Now we have to Finally join all the functions and datasets together to create our own predictions.

Here is the list of languages supported by the IndicTrans2 models:

| Language                       | Code      |
|--------------------------------|-----------|
| Assamese                       | asm_Beng  |
| Bengali                        | ben_Beng  |

## Importing the Dataset

In [None]:
with open('/content/test.asm_Beng', 'r') as f:
    input_assamese = f.readlines()
    input_assamese= [line.strip() for line in input_assamese]
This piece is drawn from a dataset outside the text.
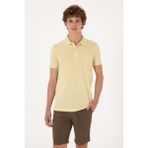 U.S. Polo Assn. Erkek Slim Fit Dökümlü Polo Yaka Açık Sarı Tişört 50299538-VR183 - Haki-1070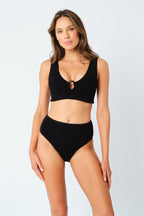 Crinkle Cut V-Neck Bikini Bralette with Ring BLACK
with open('/content/test.ben_Beng', 'r') as f:
    target_bengali = f.readlines()
    target_bengali= [line.strip() for line in target_bengali]

input_assamese[:5]

In [None]:
target_bengali[:5]

## Assamese to Bengali conversion

In [None]:
AI4_BHARAT= "ai4bharat/indictrans2-indic-indic-1B"; my_direction="/content/IndicTrans2/huggingface_interface/IndicTransTokenizer/IndicTransTokenizer/indic-indic/";

# getting tokenizer and model by passing arg. to initialize_model_and_tokenizer function
Tokenizer, model= initialize_model_and_tokenizer( ckpt_dir=AI4_BHARAT, direction= my_direction, quantization="4-bit"  )
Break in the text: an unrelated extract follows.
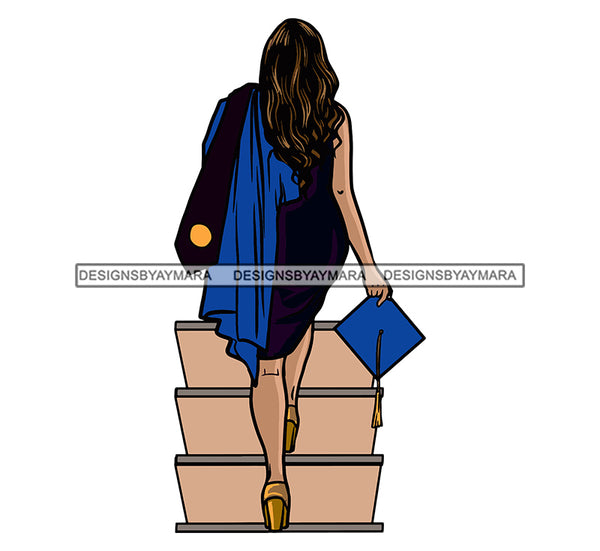 Graduation Woman Cap Diploma Blue Gown Education College Ceremony Student Standing On Stairs Success Graduate Black And Blue Color Dress Design Element SVG JPG PNG Vector Clipart Cricut Cutting Files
indic= IndicProcessor(inference=True)

# Choose the source langauge as English and target language as Hindi.
lan_src= "asm_Beng"; lan_tar="ben_Beng"

# Find target translation using the batch_translate function with arguments: input_sentences, src_lang, tgt_lang, model, tokenizer, ip
pred_bengali= batch_translate( input_assamese , lan_src, lan_tar, model, Tokenizer, indic  )

del Tokenizer, model

In [None]:
pred_bengali[:5]

## Evaluation Metrics

In [None]:
from datasets import load_metric

pred_new= [ sen.split() for sen in pred_bengali ]
tar_new= [[sen.split(' ')] for sen in target_bengali ]
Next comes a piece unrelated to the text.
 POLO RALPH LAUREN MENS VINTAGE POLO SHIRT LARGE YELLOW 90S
metric= load_metric("bleu")
metric.add_batch(predictions= pred_new, references=tar_new)
metric.compute()

In [None]:
from datasets import load_metric

metric= load_metric("rouge")
metric.add_batch(predictions= pred_bengali, references= target_bengali)
metric.compute()

# Result

These are some of the observations and inferences which I gained while working on the problem.
  - There is a slight difference in the structure of the predicted translations and the target translations.
  - The Evaluation metrics used showed very poor performance of the model when used for evaluating translation from Assamese to Bengali.
  - The above result can happen due to different reasons such as the differnce in structuring of the words.
  - A Better approach could use some different kind of preprocesssing which can improve the performance of the model.
  - The accuracy can see a increase after fine-tuning the model.